Source records:
##########
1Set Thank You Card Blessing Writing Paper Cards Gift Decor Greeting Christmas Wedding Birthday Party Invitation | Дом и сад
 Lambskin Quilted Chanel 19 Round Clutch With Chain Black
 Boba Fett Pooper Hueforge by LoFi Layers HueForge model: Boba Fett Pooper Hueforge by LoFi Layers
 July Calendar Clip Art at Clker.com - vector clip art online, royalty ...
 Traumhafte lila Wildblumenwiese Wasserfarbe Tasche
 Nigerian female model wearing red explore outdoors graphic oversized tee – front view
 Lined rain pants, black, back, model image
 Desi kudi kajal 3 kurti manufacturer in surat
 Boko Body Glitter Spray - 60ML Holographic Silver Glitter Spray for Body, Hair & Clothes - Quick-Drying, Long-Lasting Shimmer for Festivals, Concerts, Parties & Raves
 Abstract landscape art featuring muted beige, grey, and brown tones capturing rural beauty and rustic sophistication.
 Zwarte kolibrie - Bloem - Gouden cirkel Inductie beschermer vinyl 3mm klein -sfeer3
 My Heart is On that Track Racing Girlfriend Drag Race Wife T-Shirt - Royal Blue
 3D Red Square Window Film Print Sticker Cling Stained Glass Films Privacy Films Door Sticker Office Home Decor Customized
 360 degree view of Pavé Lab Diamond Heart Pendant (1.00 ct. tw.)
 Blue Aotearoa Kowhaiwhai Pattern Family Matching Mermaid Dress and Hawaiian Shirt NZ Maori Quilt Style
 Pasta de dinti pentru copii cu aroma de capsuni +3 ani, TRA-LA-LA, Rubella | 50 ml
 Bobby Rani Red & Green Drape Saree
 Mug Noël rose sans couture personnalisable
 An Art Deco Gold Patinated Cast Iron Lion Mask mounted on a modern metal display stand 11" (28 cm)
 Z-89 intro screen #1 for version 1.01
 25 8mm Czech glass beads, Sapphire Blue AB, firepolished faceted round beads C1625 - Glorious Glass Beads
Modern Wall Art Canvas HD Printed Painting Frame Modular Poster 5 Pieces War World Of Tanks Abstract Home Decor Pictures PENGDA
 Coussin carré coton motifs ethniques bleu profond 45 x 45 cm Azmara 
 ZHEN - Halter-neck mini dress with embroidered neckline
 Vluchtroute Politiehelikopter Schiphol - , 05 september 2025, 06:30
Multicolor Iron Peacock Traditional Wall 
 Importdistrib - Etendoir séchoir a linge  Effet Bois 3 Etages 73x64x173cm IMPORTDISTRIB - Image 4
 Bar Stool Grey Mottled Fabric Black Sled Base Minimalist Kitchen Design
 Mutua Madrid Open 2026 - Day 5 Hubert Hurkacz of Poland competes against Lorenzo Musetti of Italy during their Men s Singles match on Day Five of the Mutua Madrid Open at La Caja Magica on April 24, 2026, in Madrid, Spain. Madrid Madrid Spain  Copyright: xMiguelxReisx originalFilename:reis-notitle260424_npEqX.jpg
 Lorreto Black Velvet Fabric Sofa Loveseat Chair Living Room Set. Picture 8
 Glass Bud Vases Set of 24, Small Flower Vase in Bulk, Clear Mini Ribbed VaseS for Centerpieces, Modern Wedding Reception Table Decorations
##########
Nothing but the lines from the beginning of the records through the line with "Boba Fett Pooper Hueforge by LoFi Layers HueForge" should appear, each printed exactly.

_ANSWER BELOW_
1Set Thank You Card Blessing Writing Paper Cards Gift Decor Greeting Christmas Wedding Birthday Party Invitation | Дом и сад
 Lambskin Quilted Chanel 19 Round Clutch With Chain Black
 Boba Fett Pooper Hueforge by LoFi Layers HueForge model: Boba Fett Pooper Hueforge by LoFi Layers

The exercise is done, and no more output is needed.